After the frost was over, many winemakers replanted their Merlot grapes, only to have the vines destroyed by vicious rot. Due to this devastating turn of events, many 1960s vintage French Merlot wines were lost.

French Merlot Winemakers 

French winemakers started later growing Merlot again, but this stopped in 1970 due to the government banning new planting of Merlot grapes. This was mainly because of the continuing rot that destroyed all new vines as well. In 1975, the ban was lifted, and French winemakers started to widely plant the vine once again. Merlot wine was still popular and loved at the time, so the demand was very high.

As a result of the loss of vines and bans from the government, Merlot wine’s history is relatively short compared to other French wines.

Like most wine types, there is a time when it becomes super popular for some unknown reason. For Merlot, it was the 1970s that it really became known. Due to the high demand, there was a boom of Merlot vine planting in the United States, especially in California and Washington. It continued being the most planted grape type in America until the late 1980s. It is now the fourth most planted grape in the States after Chardonnay, Pinot Noir, and Cabernet Sauvignon.

In Italy, Merlot started being planted in the late 19th century. In Super Tuscan wines, it was used as a blending grape for Cabernet Sauvignon and Sangiovese. It became popular in other regions as well. Currently, Merlot is the fifth most widely planted grape in all of the country.

Modern Merlots

In other parts of the world, demand soared until the 1990s. Though vine plantings were in decline, demand for the wine continued soaring until the 1990s, when wine connoisseurs worldwide started to turn their noses and backs on this wine. Even though it is an “unpopular” wine, it is still one of the top-selling wines around the world. It is actually the second most planted grape sort behind Cabernet Sauvignon.

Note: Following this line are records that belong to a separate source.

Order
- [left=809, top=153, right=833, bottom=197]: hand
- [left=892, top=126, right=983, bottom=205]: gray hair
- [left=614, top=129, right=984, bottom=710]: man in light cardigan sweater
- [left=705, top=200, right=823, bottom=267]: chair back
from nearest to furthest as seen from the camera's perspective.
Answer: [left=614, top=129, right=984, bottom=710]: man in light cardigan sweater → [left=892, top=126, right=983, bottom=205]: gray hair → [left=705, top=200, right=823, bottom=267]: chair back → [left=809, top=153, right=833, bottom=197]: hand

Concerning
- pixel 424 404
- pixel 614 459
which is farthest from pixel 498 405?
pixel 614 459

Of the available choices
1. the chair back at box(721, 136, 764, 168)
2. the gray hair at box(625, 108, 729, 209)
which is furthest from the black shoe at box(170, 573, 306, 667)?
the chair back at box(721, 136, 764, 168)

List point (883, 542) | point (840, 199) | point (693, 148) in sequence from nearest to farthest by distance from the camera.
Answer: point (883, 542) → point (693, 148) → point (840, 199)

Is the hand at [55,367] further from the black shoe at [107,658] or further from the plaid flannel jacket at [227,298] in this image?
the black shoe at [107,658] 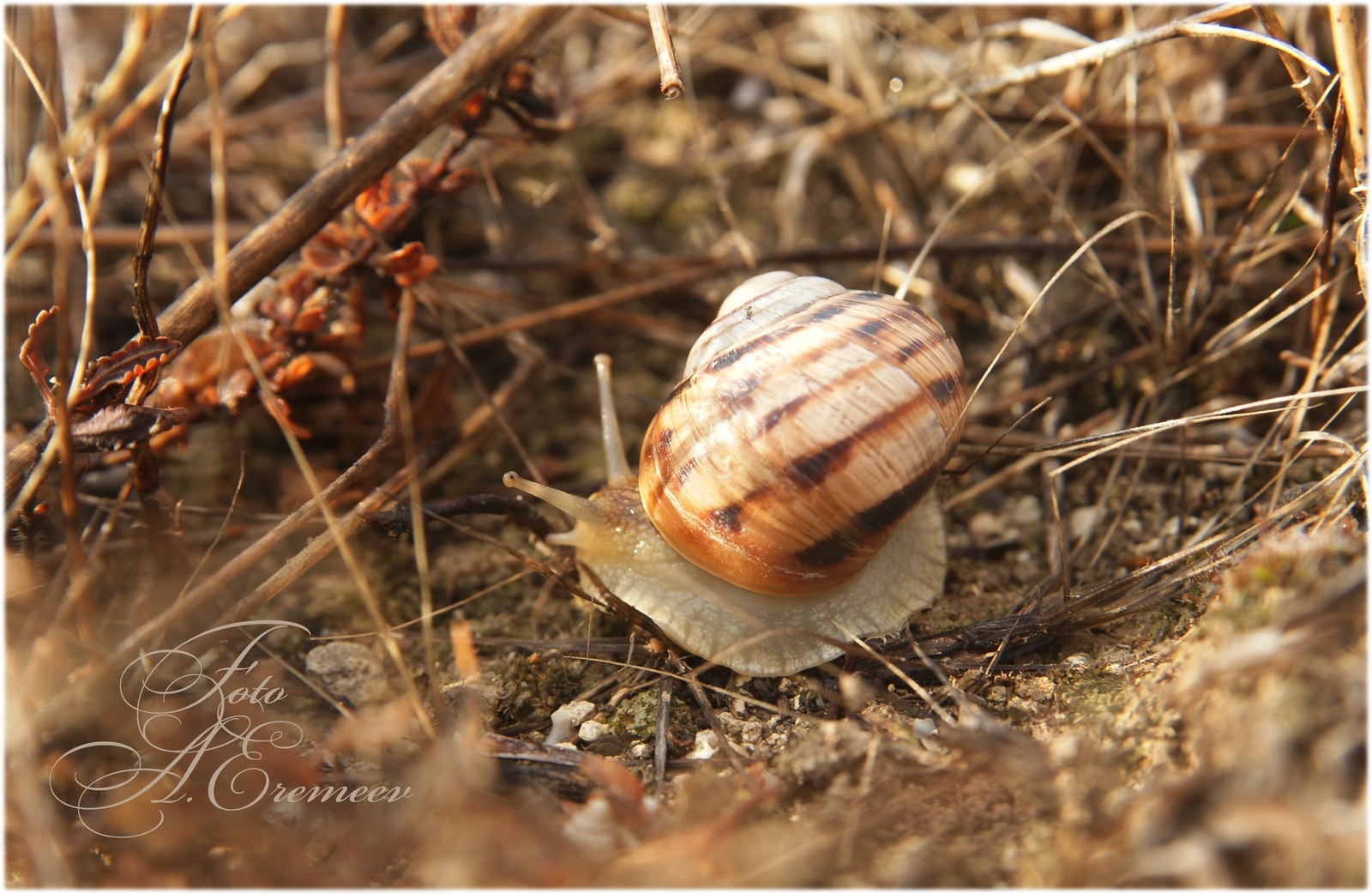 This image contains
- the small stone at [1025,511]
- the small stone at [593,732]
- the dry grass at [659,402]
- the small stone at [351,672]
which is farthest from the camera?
the small stone at [1025,511]

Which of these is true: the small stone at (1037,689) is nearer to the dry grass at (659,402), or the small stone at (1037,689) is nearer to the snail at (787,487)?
the dry grass at (659,402)

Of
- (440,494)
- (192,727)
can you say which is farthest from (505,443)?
(192,727)

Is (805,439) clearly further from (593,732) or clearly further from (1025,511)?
(1025,511)

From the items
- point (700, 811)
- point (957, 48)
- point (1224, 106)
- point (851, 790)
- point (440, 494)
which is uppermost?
point (957, 48)

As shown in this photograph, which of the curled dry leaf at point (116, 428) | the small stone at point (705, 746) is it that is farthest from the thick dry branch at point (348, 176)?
the small stone at point (705, 746)

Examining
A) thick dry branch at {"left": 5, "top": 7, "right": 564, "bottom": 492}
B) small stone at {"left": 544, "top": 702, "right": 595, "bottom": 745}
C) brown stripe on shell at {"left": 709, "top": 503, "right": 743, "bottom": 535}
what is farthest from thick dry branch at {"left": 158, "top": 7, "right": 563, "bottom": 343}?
small stone at {"left": 544, "top": 702, "right": 595, "bottom": 745}

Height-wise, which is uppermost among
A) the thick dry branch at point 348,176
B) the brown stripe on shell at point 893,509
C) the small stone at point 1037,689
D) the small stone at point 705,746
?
the thick dry branch at point 348,176

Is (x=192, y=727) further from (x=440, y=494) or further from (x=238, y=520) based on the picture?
(x=440, y=494)

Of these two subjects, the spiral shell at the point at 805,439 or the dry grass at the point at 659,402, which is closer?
the dry grass at the point at 659,402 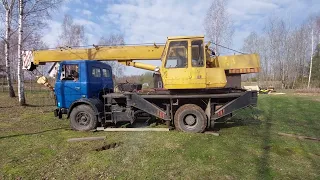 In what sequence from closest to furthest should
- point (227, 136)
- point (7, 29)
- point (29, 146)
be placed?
point (29, 146) < point (227, 136) < point (7, 29)

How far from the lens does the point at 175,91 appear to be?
795 cm

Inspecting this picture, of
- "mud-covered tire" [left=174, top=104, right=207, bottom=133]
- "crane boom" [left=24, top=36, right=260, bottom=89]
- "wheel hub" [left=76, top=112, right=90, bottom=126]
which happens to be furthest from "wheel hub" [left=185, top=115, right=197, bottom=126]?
"wheel hub" [left=76, top=112, right=90, bottom=126]

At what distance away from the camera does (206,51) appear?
801 centimetres

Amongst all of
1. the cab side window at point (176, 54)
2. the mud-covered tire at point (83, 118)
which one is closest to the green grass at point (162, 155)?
the mud-covered tire at point (83, 118)

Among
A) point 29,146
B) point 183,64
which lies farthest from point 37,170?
point 183,64

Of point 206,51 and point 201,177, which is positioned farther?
point 206,51

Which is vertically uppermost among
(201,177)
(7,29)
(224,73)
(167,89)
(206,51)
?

Now you may be wondering if this wine is so popular, why is Merlot hated? Well, there are a few reasons for this, so let’s get to it.

Why is Merlot Hated? The Sideways Effect

As you have already seen, there is really nothing wrong with the merlot grape, but its reputation took a turn with the release of the movie “Sideways.” The main character Miles, a wine connoisseur, expressed his distaste of Merlot wine, and the sales of this wine started dropping.

But Miles never really said that he hates the wine itself, only how it is produced so much in California at the time. It is easy for these grapes to turn into a sweet wine that is easy to drink and has almost no character. Americans love wines like this, and so California produces a lot of these.

It is also a classic French grape, so it is the driving force behind most of the famous Bordeaux. That’s what happens with wine, grape quality is important, but the winemaker’s skills of knowing what to do with it are just as important.

California is a nice place to grow grapes, but it took decades to learn the skills that French winemakers had developed over many centuries. Many winemakers from California hired trainers from France to help them learn these skills. Some wines produced in California are great, but there is also a large amount of forgettable wine from there, and most of it is heavily based on Merlot. That’s the reason the character Miles, doesn’t want to drink Merlot.

Pinot Noir vs Merlot

What he likes more is Pinot Noir. It tastes less sweet and is more difficult to grow. This leads to it having a much more complex flavor, and it is less popular with Americans for just that reason. When made well, it appeals to people who drink a lot of wine.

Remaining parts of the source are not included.